Exercise details: Of the entries below, return only those lines from the line with "ruff GEAR Hemp Bondage Rope 20m" to the line with "Xiaomi Redmi A2", exactly, both included.
----- Source material
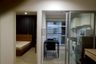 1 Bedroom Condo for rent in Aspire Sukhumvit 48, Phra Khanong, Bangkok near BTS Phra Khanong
----------
----- Source material
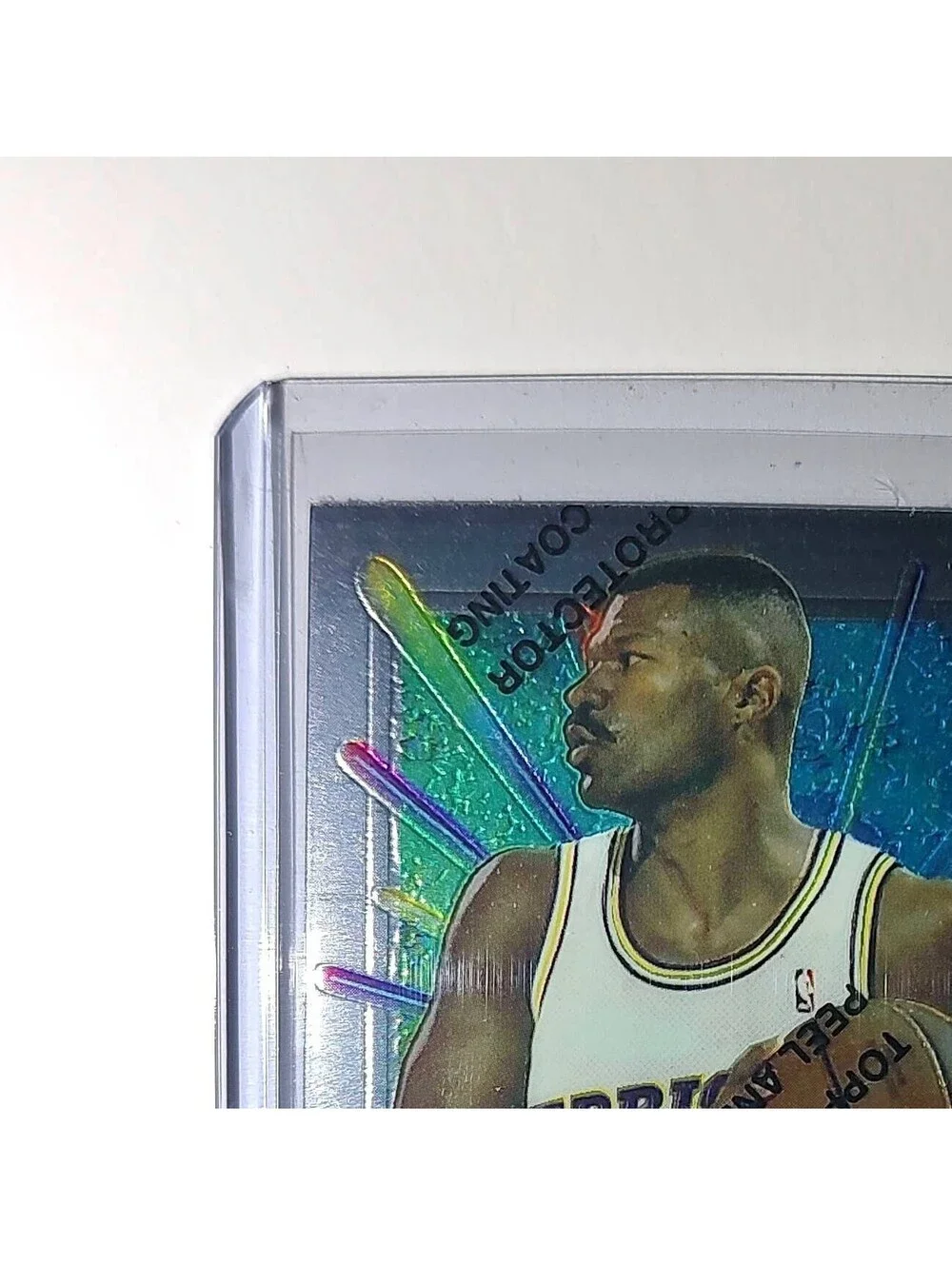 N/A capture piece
----------
----- Source material
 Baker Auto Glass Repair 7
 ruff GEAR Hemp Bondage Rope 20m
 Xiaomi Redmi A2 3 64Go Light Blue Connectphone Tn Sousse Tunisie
----------
Solution for this exercise:
 ruff GEAR Hemp Bondage Rope 20m
 Xiaomi Redmi A2 3 64Go Light Blue Connectphone Tn Sousse Tunisie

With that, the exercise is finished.